# Destination Fee



## Jipuri (May 24, 2011)

I'm in negotiations on an 2012 X5 35i and wonder if the $825 Destination Fee is waived when doing PCD ?


----------



## GeorgeT (Jun 22, 2007)

No.


----------



## 97X (Sep 19, 2007)

^ What he said. As I understand it, the destination fee is an average cost, meaning it costs way more than $875 to ship an X5 to California and way less to ship it "down the block" to the BMW dealer located in Spartanburg. As such, everyone pays the flat fee, no matter where you take delivery.


----------



## I-Won-Today (Feb 21, 2007)

97X hit the nail on the head... 

It is a equalized flat rate fee for all BMW's (US and German built vehicles) so that no dealer or market has a price advantage. Even though we are not far from the BMW Distribution Center for the vehicles built locally, they are still loaded on a truck and shipped to us.


----------



## ahimanic (Nov 15, 2007)

Another thing to keep in mind is that the destination charge you pay is only good for one delivery from the factory, whether it's to your dealer in TX or down the road to PC.

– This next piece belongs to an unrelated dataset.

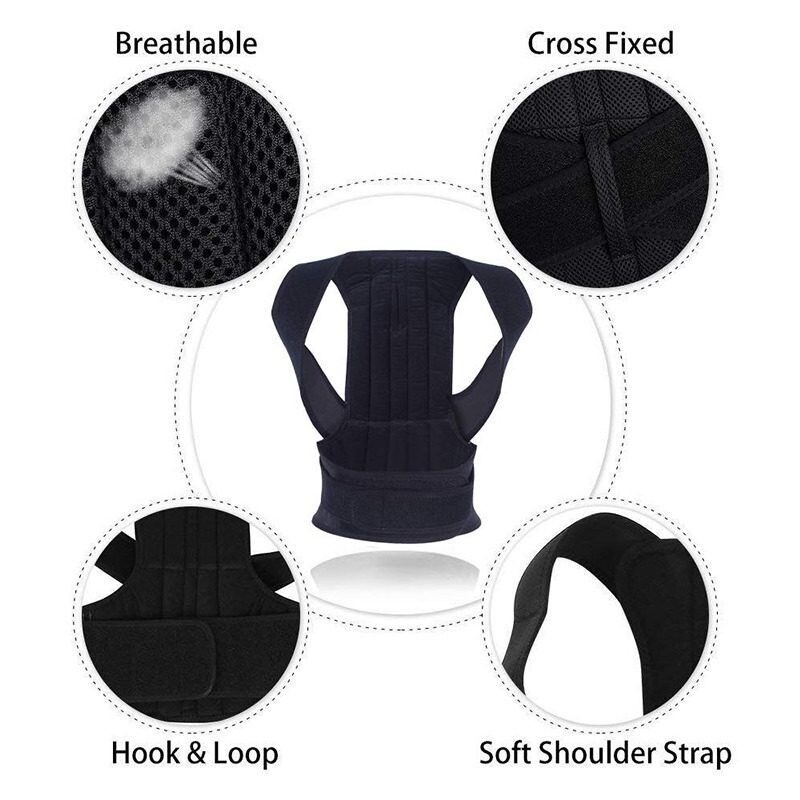 Deluxe Posture Corrector Double Pull Lumbar Lower Back Support Brace Waist Belt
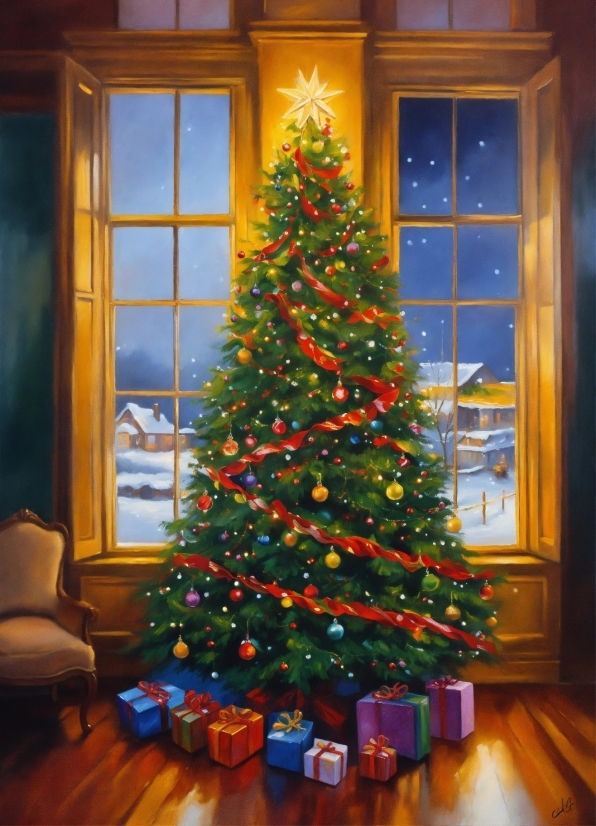 Christmas Tree, Christmas Ornament, Property, Plant, White, Leaf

Once your car is delivered to the PC you can not divert to TX without incurring another costly shipping fee and it won't be $875!


----------



## Thad (Apr 1, 2006)

97X said:


> ^ What he said. As I understand it, the destination fee is an average cost, meaning it costs way more than $875 to ship an X5 to California and way less to ship it "down the block" to the BMW dealer located in Spartanburg. As such, everyone pays the flat fee, no matter where you take delivery.

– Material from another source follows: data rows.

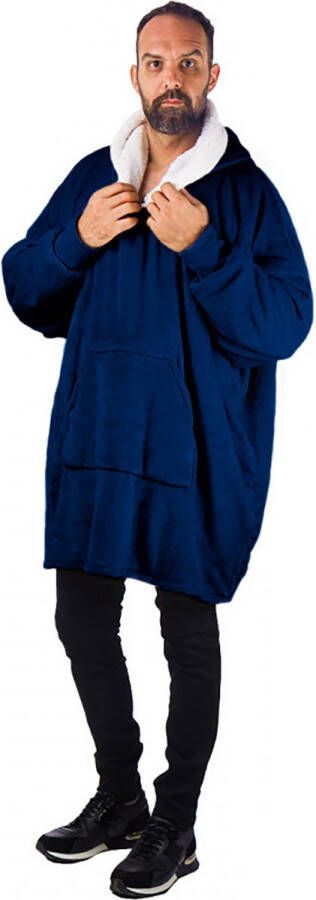 Homever o Comfort Blanket Hoodie Deken – Blauw – Fleece hoodie plaid met mouwen – Oversized knuffeltrui voor heren en dames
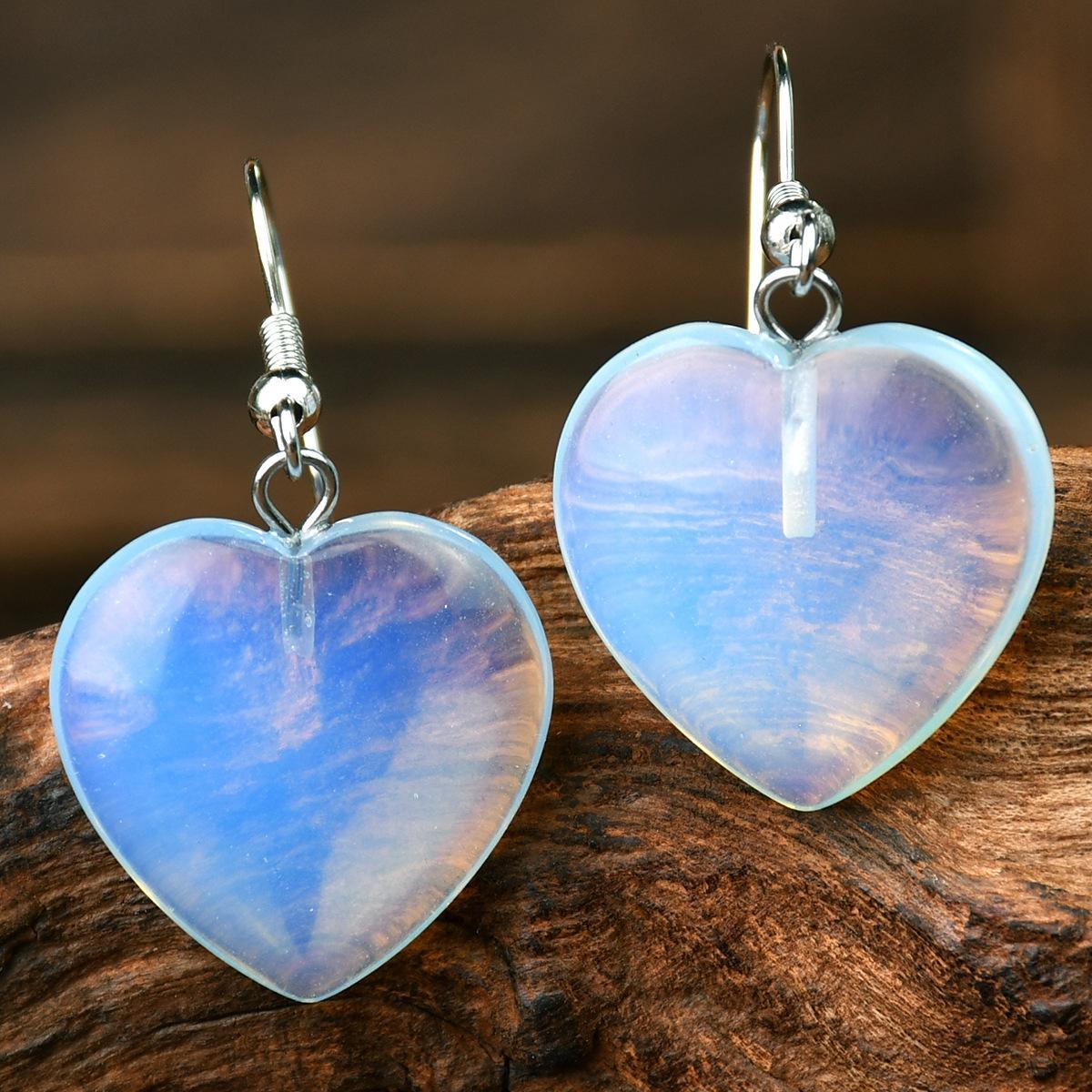 Natural Stone Heart-Shaped Earrings, Unique Women’s Earrings, Fashionable and Elegant Gift for Valentine’s Day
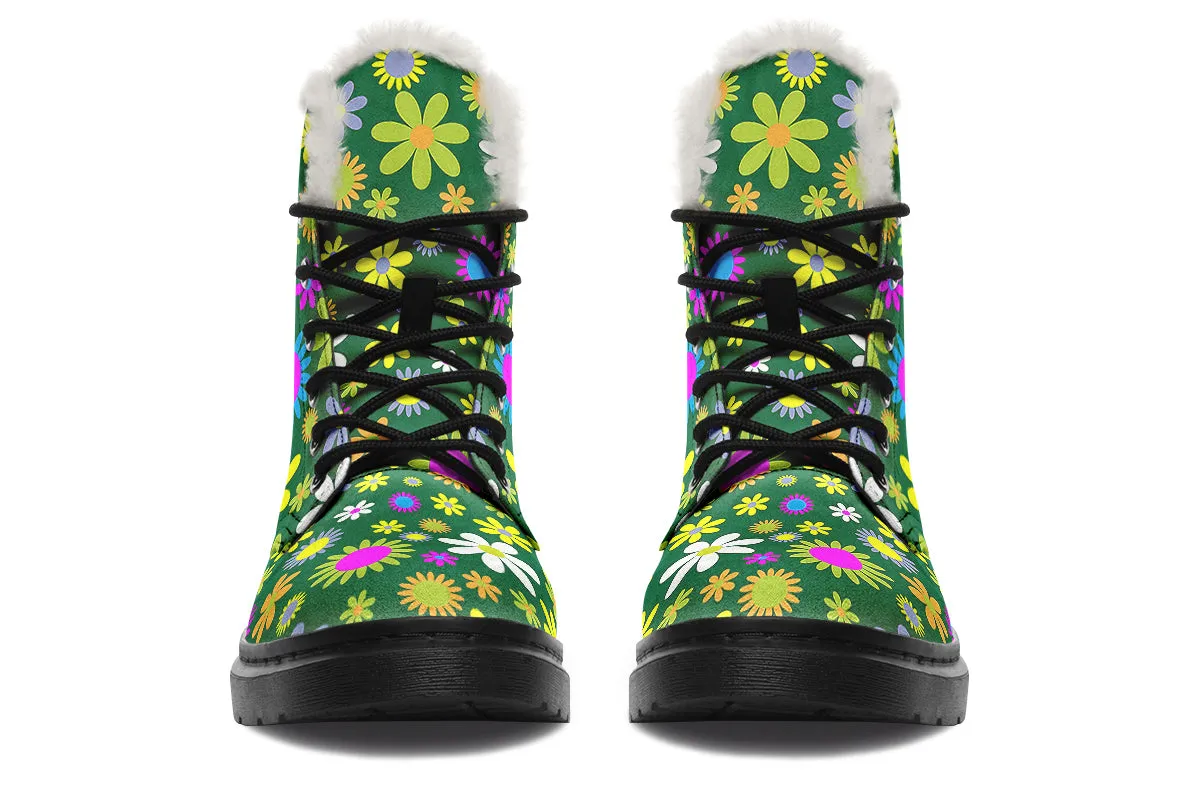 Green Retro Flowers Faux Fur Boots
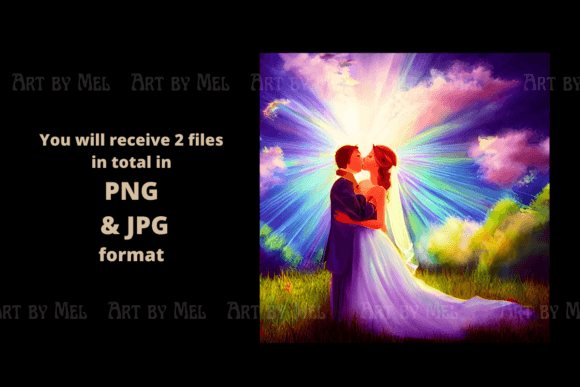 Wedding Day Kiss: A Digital Artwork for Designers & Creators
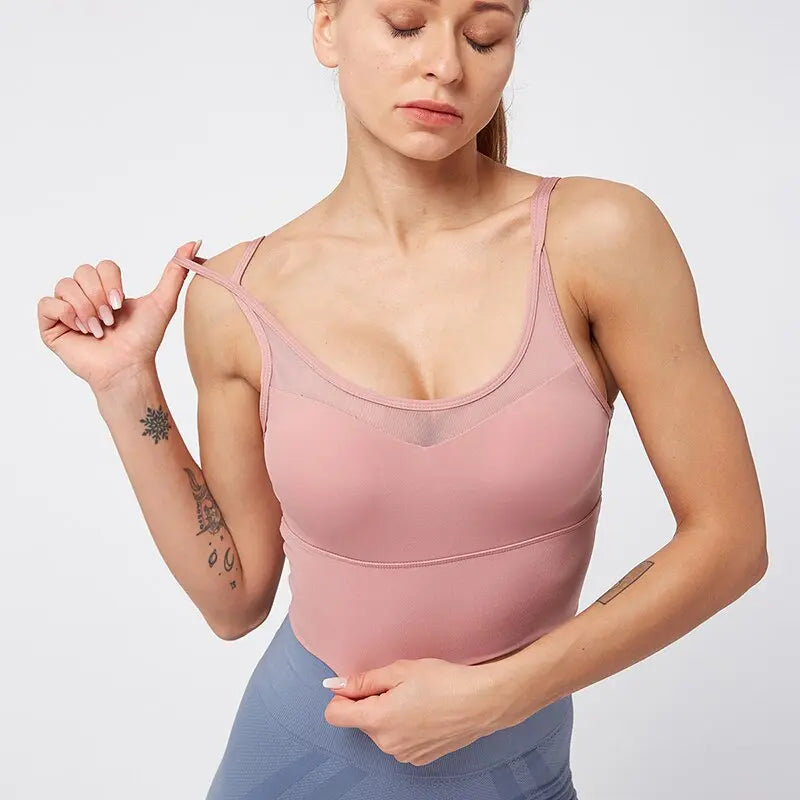 Kaminsky Nylon Mesh Fitness Bra Cross Beauty Back Sports Top Stitching Breathable Gym Sports Bra Women Sexy Tank Top M J Fitness
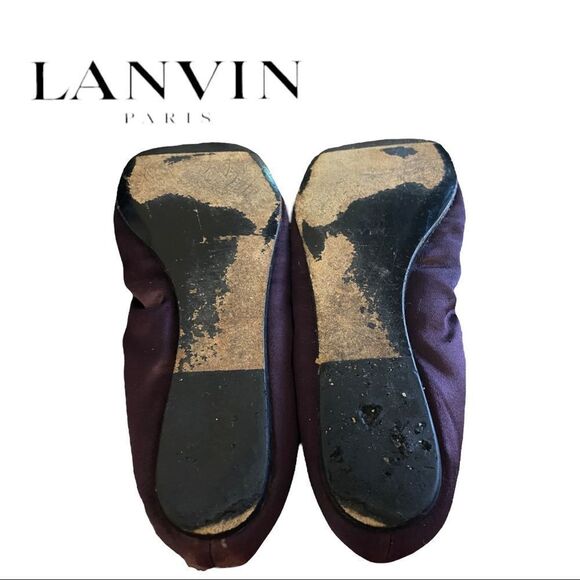 LANVIN Paris Purple Black Women's Round Toe Ballet Flats with Dust Bag 6 - Picture 8 of 8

I've always wondered about this. It's like the airlines and fuel surcharges. You price your product to take into account the cost of what it takes to deliver the product or service. Showing an advertised sales price to lure a customer in and then nickel is dime them with additional fees is bush league. If it cost you an extra 875 per car, up the base price of the car by 875.


----------